DATA RECORDS –
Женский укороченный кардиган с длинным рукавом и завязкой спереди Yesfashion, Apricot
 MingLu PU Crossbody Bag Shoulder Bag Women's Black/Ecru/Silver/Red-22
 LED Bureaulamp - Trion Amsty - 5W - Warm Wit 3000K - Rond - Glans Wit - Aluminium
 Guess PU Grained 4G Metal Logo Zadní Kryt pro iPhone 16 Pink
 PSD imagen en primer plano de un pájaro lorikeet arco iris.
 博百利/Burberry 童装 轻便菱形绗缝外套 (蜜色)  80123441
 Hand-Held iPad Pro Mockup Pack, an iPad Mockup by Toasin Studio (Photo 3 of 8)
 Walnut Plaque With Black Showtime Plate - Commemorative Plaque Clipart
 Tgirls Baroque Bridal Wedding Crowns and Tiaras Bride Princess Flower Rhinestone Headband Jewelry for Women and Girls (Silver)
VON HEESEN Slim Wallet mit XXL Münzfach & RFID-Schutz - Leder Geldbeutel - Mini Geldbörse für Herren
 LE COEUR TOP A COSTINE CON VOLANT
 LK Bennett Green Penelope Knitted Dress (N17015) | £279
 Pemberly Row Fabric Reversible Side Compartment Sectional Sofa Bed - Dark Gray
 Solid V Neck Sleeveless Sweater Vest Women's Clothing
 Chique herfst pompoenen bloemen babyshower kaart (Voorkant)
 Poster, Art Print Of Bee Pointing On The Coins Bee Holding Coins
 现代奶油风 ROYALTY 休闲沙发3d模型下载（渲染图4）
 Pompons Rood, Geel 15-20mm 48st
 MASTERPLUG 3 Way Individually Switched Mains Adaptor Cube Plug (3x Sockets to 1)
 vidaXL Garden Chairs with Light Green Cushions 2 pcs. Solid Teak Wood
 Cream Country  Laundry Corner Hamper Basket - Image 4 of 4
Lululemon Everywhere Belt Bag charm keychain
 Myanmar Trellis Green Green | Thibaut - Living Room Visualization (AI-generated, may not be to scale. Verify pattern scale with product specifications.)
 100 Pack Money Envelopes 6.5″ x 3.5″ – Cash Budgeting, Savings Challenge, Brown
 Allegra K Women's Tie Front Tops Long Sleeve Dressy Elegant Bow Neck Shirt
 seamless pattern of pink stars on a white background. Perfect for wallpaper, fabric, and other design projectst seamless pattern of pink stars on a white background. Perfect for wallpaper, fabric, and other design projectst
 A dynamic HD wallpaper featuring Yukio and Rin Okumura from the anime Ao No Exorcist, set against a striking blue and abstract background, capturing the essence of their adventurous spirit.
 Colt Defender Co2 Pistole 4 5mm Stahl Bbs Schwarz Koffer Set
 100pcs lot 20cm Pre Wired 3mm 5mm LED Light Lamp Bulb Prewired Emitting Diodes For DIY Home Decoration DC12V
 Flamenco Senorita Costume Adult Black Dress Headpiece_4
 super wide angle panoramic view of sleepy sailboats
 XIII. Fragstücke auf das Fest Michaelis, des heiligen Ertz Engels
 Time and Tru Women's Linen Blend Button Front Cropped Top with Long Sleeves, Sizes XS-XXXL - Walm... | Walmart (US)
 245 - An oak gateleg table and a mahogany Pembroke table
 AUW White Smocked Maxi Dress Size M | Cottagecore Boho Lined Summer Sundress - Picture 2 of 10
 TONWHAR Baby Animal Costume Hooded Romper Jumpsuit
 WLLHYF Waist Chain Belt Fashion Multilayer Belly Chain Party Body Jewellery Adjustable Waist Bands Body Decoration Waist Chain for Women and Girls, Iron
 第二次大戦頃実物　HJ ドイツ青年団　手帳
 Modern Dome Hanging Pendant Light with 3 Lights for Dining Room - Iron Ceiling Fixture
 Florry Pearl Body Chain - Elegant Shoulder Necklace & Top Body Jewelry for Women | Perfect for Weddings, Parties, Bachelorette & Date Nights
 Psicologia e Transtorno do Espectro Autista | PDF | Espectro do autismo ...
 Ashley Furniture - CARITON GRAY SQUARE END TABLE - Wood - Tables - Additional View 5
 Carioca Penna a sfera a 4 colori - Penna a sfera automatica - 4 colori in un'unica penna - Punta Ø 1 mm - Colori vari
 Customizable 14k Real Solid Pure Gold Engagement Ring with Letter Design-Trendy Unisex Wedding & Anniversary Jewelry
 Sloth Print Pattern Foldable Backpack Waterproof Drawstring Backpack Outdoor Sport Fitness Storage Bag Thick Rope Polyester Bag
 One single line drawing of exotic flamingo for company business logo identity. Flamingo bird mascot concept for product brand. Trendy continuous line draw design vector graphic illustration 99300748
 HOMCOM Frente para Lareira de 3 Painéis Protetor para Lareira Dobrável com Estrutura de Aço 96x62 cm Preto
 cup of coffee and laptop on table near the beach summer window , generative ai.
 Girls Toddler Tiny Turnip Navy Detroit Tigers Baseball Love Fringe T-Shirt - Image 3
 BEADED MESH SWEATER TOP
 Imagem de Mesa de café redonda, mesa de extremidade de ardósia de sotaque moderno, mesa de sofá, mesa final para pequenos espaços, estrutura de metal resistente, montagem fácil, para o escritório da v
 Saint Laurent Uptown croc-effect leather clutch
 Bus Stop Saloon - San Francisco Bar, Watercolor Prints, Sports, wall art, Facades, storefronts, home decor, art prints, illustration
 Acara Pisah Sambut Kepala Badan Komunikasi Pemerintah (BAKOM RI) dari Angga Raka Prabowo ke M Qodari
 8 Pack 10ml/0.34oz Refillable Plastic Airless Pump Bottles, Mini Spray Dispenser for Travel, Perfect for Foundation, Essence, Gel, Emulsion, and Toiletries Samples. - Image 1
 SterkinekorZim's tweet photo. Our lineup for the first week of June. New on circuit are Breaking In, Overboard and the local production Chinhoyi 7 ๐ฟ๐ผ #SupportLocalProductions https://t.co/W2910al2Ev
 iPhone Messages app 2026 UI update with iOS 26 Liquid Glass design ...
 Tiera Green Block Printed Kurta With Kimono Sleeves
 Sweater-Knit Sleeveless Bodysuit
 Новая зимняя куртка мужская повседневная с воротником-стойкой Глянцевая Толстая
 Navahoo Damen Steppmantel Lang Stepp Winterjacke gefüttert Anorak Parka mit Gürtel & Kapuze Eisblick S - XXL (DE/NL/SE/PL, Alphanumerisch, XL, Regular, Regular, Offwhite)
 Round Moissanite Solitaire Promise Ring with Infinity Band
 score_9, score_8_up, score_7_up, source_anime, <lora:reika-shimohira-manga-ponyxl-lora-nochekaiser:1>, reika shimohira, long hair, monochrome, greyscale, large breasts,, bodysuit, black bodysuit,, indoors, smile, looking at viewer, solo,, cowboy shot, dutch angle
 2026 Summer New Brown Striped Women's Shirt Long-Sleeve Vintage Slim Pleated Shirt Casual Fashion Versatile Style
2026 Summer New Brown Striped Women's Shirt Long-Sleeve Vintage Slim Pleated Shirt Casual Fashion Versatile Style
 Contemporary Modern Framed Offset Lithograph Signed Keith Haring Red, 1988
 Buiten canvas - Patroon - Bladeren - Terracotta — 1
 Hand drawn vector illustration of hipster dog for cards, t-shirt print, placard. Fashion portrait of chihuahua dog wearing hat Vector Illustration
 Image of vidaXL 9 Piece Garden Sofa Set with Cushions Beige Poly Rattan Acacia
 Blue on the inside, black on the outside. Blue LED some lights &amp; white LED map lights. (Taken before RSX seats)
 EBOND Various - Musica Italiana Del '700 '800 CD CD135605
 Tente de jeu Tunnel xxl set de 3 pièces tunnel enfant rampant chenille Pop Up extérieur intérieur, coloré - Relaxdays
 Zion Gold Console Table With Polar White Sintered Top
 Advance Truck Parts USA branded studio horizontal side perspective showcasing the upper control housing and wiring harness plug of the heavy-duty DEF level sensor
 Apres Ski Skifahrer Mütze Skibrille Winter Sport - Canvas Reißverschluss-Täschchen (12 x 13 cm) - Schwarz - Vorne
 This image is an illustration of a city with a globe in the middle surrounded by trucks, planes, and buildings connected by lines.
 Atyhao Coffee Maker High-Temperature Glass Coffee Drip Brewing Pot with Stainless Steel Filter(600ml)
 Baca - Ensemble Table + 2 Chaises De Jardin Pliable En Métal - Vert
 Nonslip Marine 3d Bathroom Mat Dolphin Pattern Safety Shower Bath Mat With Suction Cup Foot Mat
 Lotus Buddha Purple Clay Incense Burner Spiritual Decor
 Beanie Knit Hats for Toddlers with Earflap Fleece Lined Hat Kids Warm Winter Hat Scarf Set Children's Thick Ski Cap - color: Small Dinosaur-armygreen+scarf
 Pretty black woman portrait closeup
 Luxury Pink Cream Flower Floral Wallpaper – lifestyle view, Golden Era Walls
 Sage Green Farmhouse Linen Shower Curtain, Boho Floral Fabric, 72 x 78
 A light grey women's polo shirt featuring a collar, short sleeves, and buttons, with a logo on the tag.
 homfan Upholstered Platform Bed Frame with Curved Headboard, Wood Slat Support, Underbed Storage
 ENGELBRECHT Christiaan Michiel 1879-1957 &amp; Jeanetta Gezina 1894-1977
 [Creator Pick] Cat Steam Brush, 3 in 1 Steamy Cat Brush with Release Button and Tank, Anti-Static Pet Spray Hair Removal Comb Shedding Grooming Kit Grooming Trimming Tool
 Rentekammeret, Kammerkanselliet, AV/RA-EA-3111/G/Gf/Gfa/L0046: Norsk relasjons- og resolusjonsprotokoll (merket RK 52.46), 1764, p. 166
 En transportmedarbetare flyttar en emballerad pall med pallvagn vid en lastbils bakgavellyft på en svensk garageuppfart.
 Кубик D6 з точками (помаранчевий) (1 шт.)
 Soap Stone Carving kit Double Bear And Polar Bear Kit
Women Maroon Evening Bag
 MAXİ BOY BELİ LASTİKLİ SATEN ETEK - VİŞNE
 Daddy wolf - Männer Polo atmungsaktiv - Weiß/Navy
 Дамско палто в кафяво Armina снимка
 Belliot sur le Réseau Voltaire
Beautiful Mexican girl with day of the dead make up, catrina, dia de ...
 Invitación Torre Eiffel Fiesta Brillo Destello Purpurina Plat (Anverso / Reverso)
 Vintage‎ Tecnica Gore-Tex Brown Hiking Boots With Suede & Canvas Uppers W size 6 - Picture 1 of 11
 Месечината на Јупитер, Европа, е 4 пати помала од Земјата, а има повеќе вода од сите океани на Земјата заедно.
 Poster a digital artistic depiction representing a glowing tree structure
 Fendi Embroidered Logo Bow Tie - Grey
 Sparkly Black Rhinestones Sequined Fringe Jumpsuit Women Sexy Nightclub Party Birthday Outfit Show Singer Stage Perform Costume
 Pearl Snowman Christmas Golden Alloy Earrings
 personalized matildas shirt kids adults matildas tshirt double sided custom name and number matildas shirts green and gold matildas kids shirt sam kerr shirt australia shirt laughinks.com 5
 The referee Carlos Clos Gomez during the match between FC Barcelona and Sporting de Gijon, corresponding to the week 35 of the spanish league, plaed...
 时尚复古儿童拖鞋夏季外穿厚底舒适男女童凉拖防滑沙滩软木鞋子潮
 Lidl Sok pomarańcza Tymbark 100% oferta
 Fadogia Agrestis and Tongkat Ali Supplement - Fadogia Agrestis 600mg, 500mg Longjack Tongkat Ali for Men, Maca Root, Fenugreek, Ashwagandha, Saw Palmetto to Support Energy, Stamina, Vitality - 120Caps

DIRECTIONS – Look above for the line with "[Creator Pick] Cat" and the line with "Lidl Sok pomarańcza Tymbark 100% oferta". Write out those two lines and all the lines between them, exactly, and no others.

FINAL ANSWER –
 [Creator Pick] Cat Steam Brush, 3 in 1 Steamy Cat Brush with Release Button and Tank, Anti-Static Pet Spray Hair Removal Comb Shedding Grooming Kit Grooming Trimming Tool
 Rentekammeret, Kammerkanselliet, AV/RA-EA-3111/G/Gf/Gfa/L0046: Norsk relasjons- og resolusjonsprotokoll (merket RK 52.46), 1764, p. 166
 En transportmedarbetare flyttar en emballerad pall med pallvagn vid en lastbils bakgavellyft på en svensk garageuppfart.
 Кубик D6 з точками (помаранчевий) (1 шт.)
 Soap Stone Carving kit Double Bear And Polar Bear Kit
Women Maroon Evening Bag
 MAXİ BOY BELİ LASTİKLİ SATEN ETEK - VİŞNE
 Daddy wolf - Männer Polo atmungsaktiv - Weiß/Navy
 Дамско палто в кафяво Armina снимка
 Belliot sur le Réseau Voltaire
Beautiful Mexican girl with day of the dead make up, catrina, dia de ...
 Invitación Torre Eiffel Fiesta Brillo Destello Purpurina Plat (Anverso / Reverso)
 Vintage‎ Tecnica Gore-Tex Brown Hiking Boots With Suede & Canvas Uppers W size 6 - Picture 1 of 11
 Месечината на Јупитер, Европа, е 4 пати помала од Земјата, а има повеќе вода од сите океани на Земјата заедно.
 Poster a digital artistic depiction representing a glowing tree structure
 Fendi Embroidered Logo Bow Tie - Grey
 Sparkly Black Rhinestones Sequined Fringe Jumpsuit Women Sexy Nightclub Party Birthday Outfit Show Singer Stage Perform Costume
 Pearl Snowman Christmas Golden Alloy Earrings
 personalized matildas shirt kids adults matildas tshirt double sided custom name and number matildas shirts green and gold matildas kids shirt sam kerr shirt australia shirt laughinks.com 5
 The referee Carlos Clos Gomez during the match between FC Barcelona and Sporting de Gijon, corresponding to the week 35 of the spanish league, plaed...
 时尚复古儿童拖鞋夏季外穿厚底舒适男女童凉拖防滑沙滩软木鞋子潮
 Lidl Sok pomarańcza Tymbark 100% oferta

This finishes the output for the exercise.